Solange die Schule den Status der genehmigten und nicht der anerkannten Ersatzschule hat, ist sie nicht berechtigt, selbst Schulabschlüsse zu vergeben. Die SchülerInnen haben jedoch die Möglichkeit, Schulabschlüsse extern zu erwerben. Wir bereiten die Schüler grundsätzlich auf die Mittlere Reife vor. Die Sekundarstufe II – mit Vorbereitung auf die Hochschulreife – wird angestrebt.

 

Schulgeld

Für den Besuch an der Neuen Schule Hamburg wird ein monatliches Schulgeld in Höhe von € 170 erhoben. Für Geschwisterkinder fallen monatlich € 90 an. Hinzu kommt eine Lehrmittelpauschale und ein Essengeld, dessen Höhe in der Schulordnung festgelegt ist.

 

Schülerzahl

Die Neue Schule Hamburg bietet Raum für 85 Schüler.

Sie finden Anmeldeformular und Email-Kontaktdaten auf der Webseite: www.neue-schule-hamburg.org

 

Schulzeiten

Die NSH ist eine Ganztagsschule. Sie ist von Montag bis Donnerstag in der Zeit von 8.00 Uhr bis 17.00 Uhr geöffnet, freitags bis 14 Uhr.

 

Spenden und Sponsoring

Wenn Sie die NSH unterstützen möchten, freuen wir uns über Spenden, Fördermitgliedschaften und Sponsoring durch Firmen. (siehe auch unter Unterstützung)

Anstiftung Nächstenliebe

Konto 200 80 90 900

GLS Bank Bochum

BLZ 430 609 67

 

Standort

In Hamburg-Rahlstedt am Schimmelreiterweg 11 wurde eine alte Gründerzeit-Villa zur Schule umgebaut. Auf vier Etagen stehen den SchülerInnen insgesamt fast 500 qm zur Verfügung: Von Multifunktions- und Musikräumen, Wissenschaftslabor, Lese- und Ruheräumen bis hin zu einer Küche mit angrenzendem Speiseraum. Das Schulgebäude steht auf 1700 qm parkähnlichem Gelände.

 

Sudbury – Grundlagen

1968 wurde im US-Bundesstaat Massachusetts die Sudbury Valley School gegründet. Inzwischen gibt es weltweit mehr als 40 Schulen, die sich am Modell der Sudbury Valley School orientieren und sich in Anlehnung an das Original Sudbury-Schulen nennen.
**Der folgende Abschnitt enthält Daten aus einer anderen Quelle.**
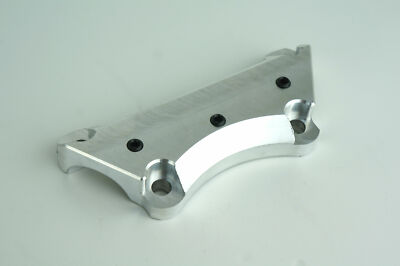 One 1 Piece Super Handlebar Top Riser Clamp Mount w/ Setscrews Harley FLH/T 1''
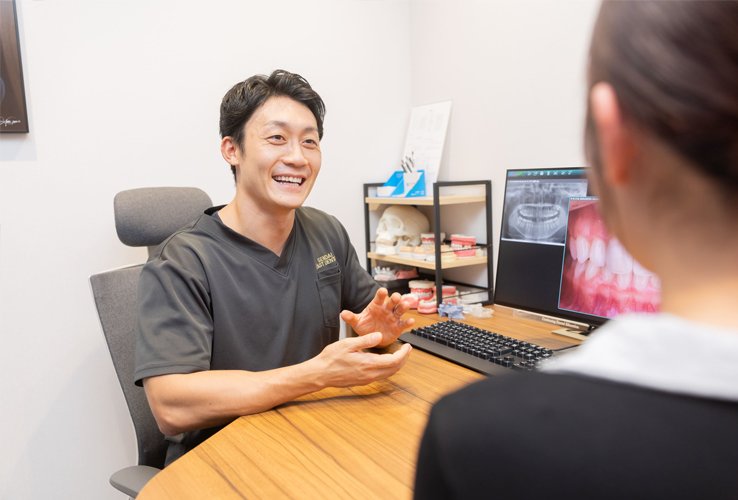 丁寧なカウンセリングと細かな検査を実施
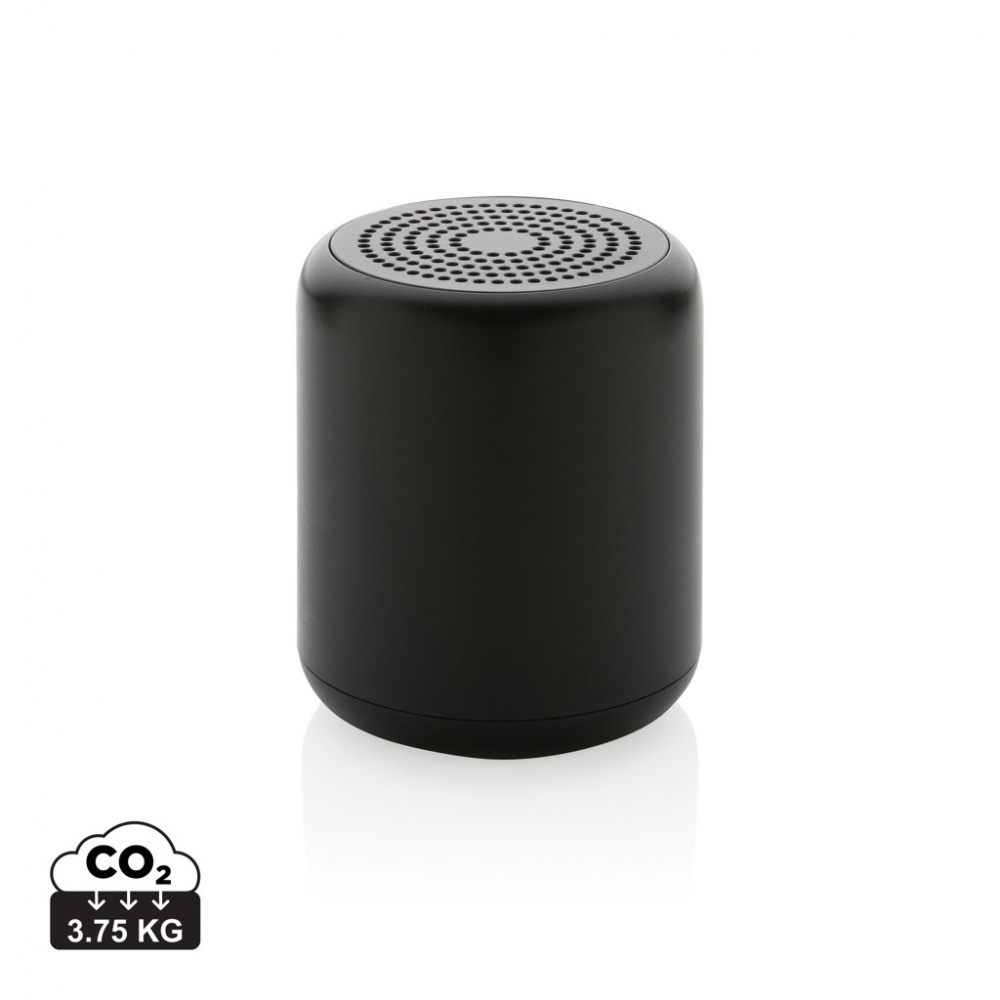 Logo trade advertising product photo of: RCS certified recycled plastic 5W Wireless speaker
An Sudbury-Schulen geht man davon aus, dass Kinder und Jugendliche am effektivsten lernen, wenn sie über ihr Lernen selbst bestimmen können. Sudbury-Schulen ermöglichen den Schülern, ihre Persönlichkeit frei zu entfalten und die Verantwortung für ihr eigenes Handeln zu übernehmen.
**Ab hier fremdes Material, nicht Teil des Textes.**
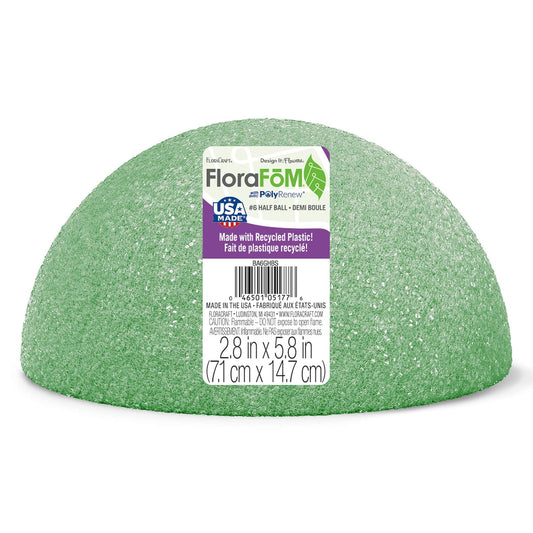 FloraCraft FloraFM Half Ball 2.8 x 5.8 Inch Green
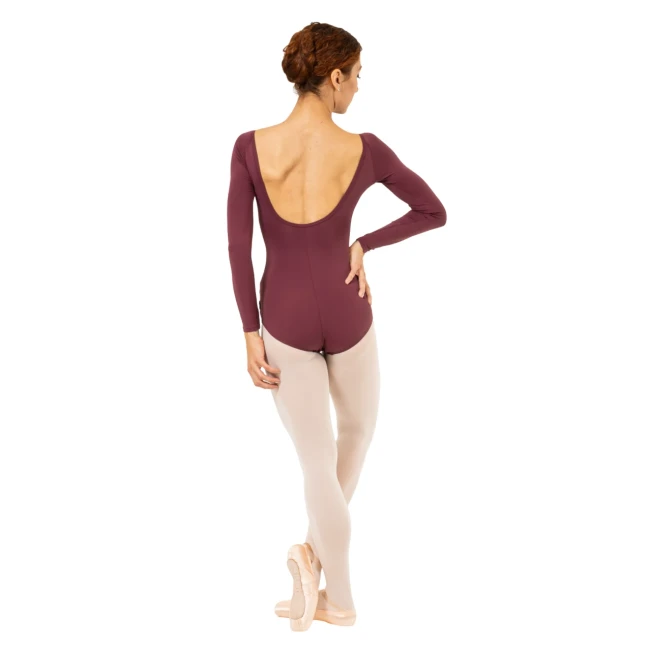 Le Secret Danica, Damen-Trikot mit langen Ärmeln - Violett - Italian plum GP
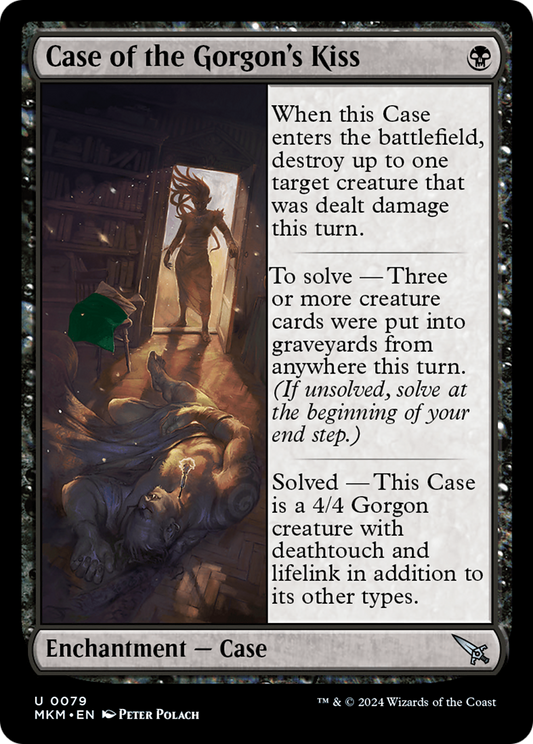 Case of the Gorgon's Kiss (Green) [Murders at Karlov Manor] Foil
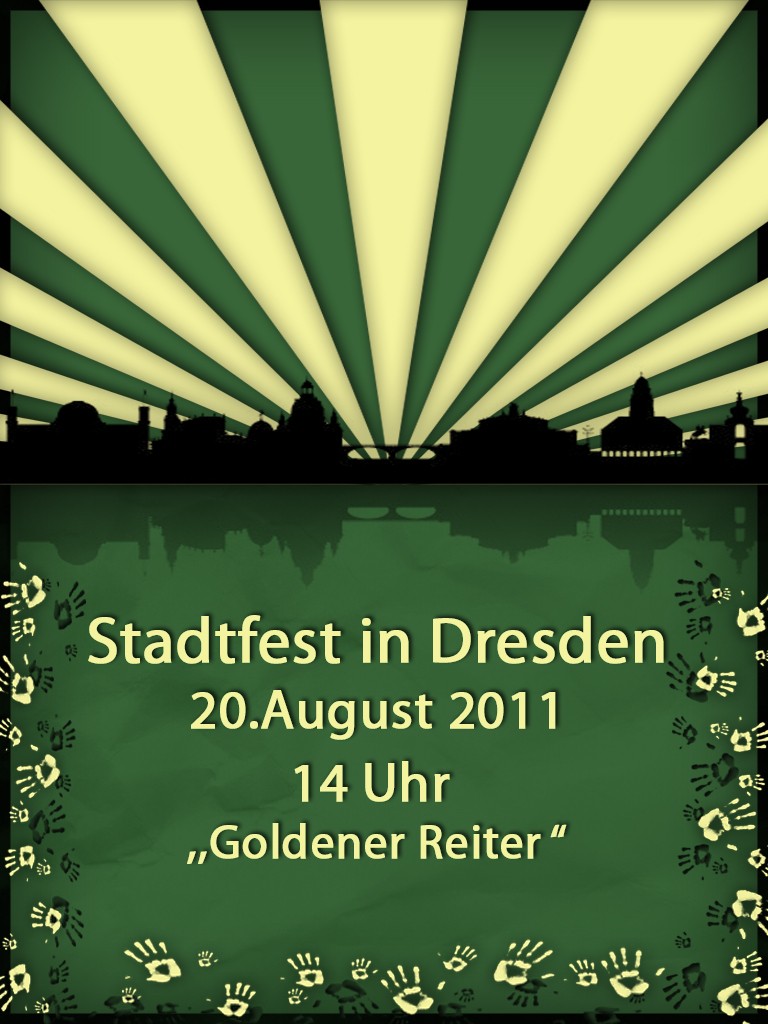 PLAKAT 20.August 2011 Stadtfest Stadtf11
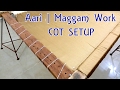 DIY | Aari | Maggam Work Cot Complete Setup at Home | Tutorial !!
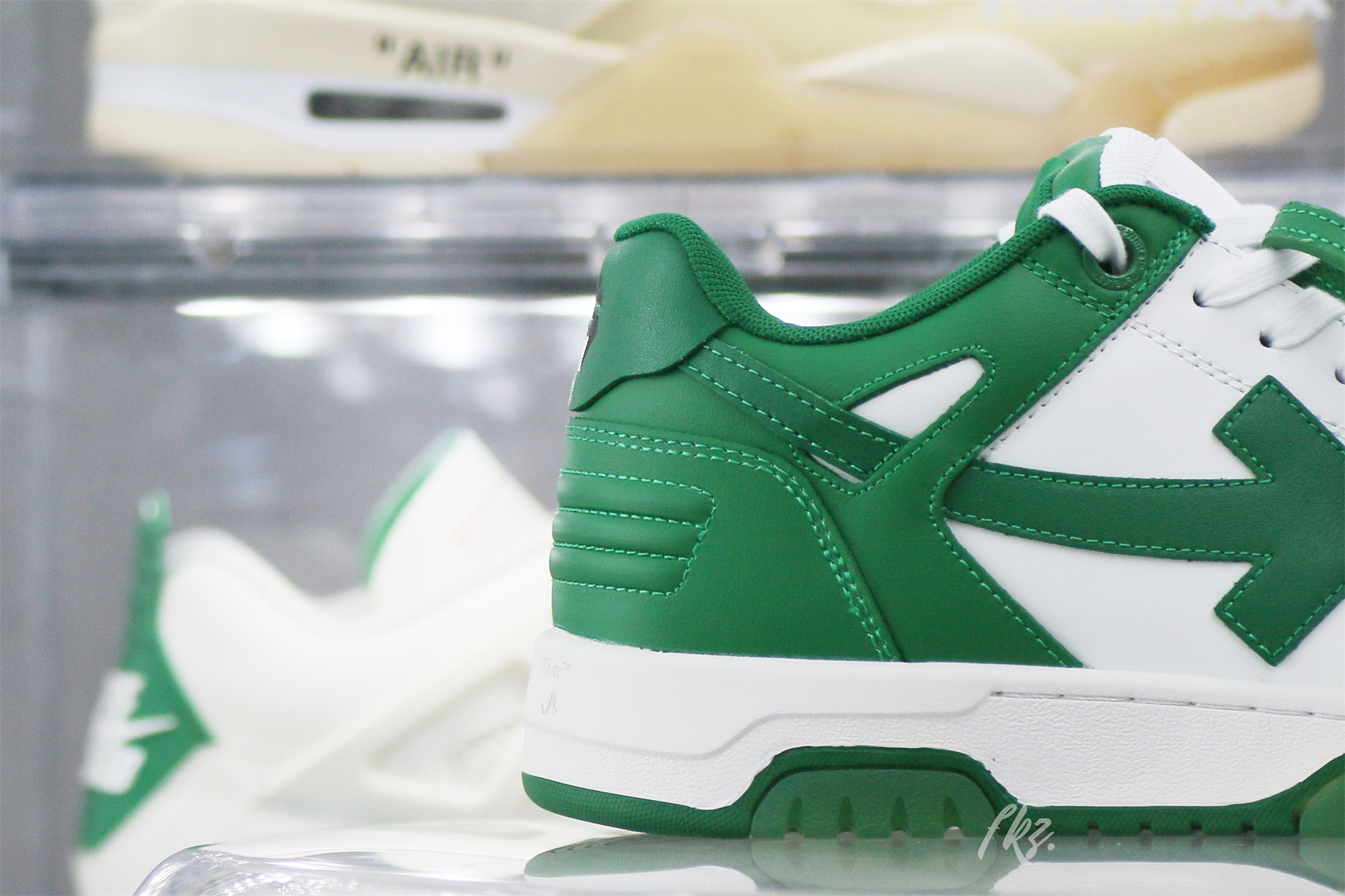 Off-White Green and White Out Of Office Sneaker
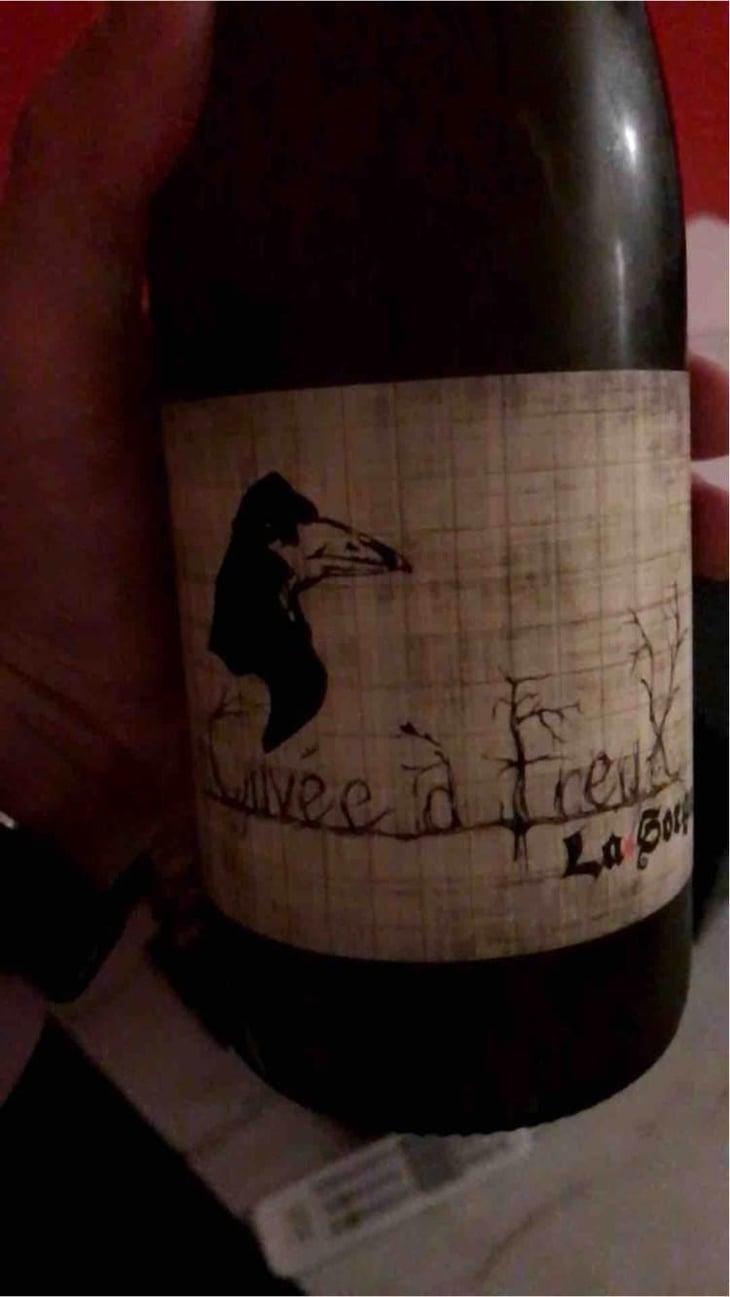 Cuvée A Freux - La Sorga - Antony Tortul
Entscheidungen, welche die ganze Schule betreffen, werden demokratisch durch eine wöchentlich tagende Schulversammlung getroffen. Schüler und Mitarbeiter sind dabei gleichberechtigt. Die Durchsetzung der gemeinsam beschlossenen Regeln erfolgt durch ein rechtliches Verfahren.

 

Das Sudbury-Konzept an der Neuen Schule Hamburg

Die zwei großen Pfeiler, auf denen unser Konzept aufbaut, sind

- Vertrauen in die Kinder sowie

- konsequente Demokratie.

Vertrauen in die Kinder heißt, auf die dem Menschen angeborene Neugier zu vertrauen. Es heißt, darauf zu vertrauen, dass das Leben, seine Herausforderungen und zu entdeckenden Geheimnisse den Schüler beständig zum Lernen führen. Es heißt auch, dem Schüler den Freiraum zu geben, seinen persönlichen Lernimpulsen nachzugehen und selbständiges Denken und Handeln zu ermöglichen.
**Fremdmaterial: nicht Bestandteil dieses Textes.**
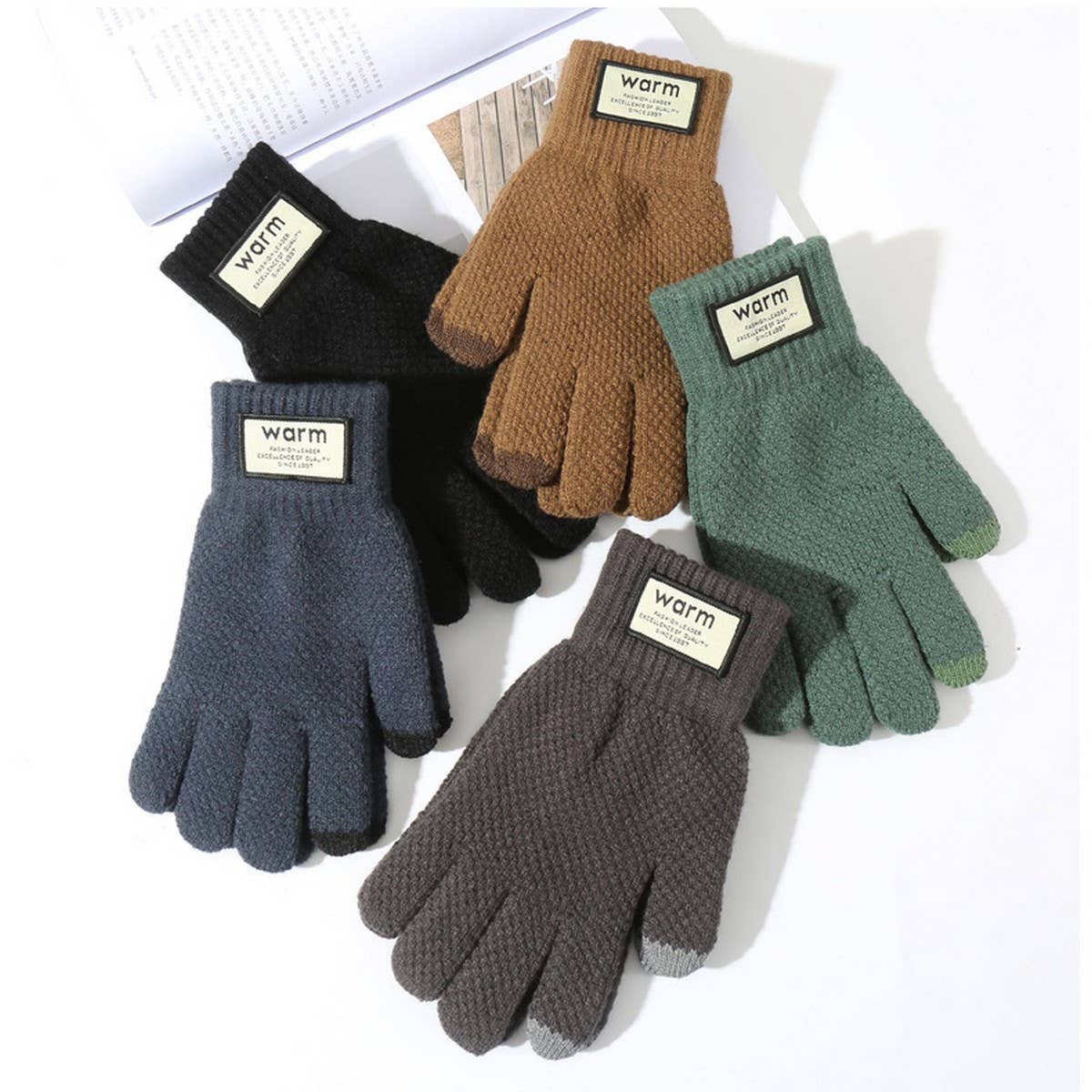 CYCLING WARM MEN'S WINDPROOF TOUCH SCREEN GLOVES_CWAG0148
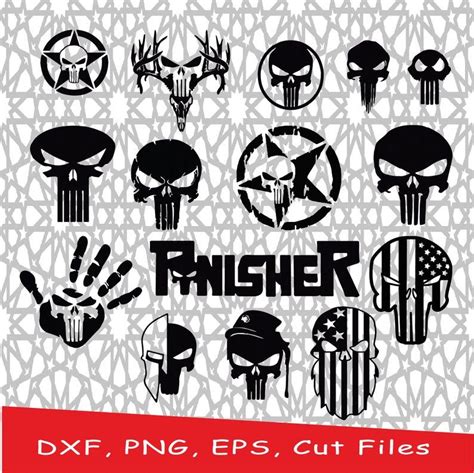 Punisher Logo Punisher Skull Download File Digital Download Toyota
So wird Lernen als persönliche Bereicherung empfunden und beschränkt sich nicht auf Schule, sondern wird ein wesentliches Element des Lebens. Und heute, in einer sich in rasantem Tempo verändernden Gesellschaft, ist mehr denn je die Fähigkeit zu lebenslangem Lernen und eigenverantwortlichem Denken gefragt.

Konsequente Demokratie heißt Freiheit - und Verantwortung!

Nur wer Entscheidungen selbst fällt, kann dafür auch Verantwortung übernehmen. Demokratie lernt man durch demokratisches Handeln, Gleichberechtigung durch gleichberechtigtes miteinander Leben. Die Schule funktioniert demokratisch, das heißt alle Entscheidungen werden durch die Schulversammlung, in der jeder Schüler und Lehrer eine Stimme hat, gefällt. Interessen Einzelner müssen immer mit der Gemeinschaft abgestimmt werden. Jeder Schüler ist Mitgestalter seiner Umgebung und lernt, seine Bedürfnisse zu artikulieren und mit seiner Umgebung in Einklang zu bringen. Die sozialen Kompetenzen, die als Anforderung von sowohl Hochschulen, Verwaltungen als auch Unternehmen ständig an Bedeutung gewinnen, bilden sich zwangsläufig.

 

Trägerschaft der Schule

Träger der Schule ist der Verein ‚Neue Schule Hamburg e.V.‘

 

Versetzung / Aufrücken

Da es an der Schule keine von einander getrennten Klassenstufen gibt, findet ein automatisches Aufrücken statt.

 

Wechsel auf eine staatliche Schule

Ein Wechsel auf eine staatliche Schule ist möglich. Ebenso umgekehrt.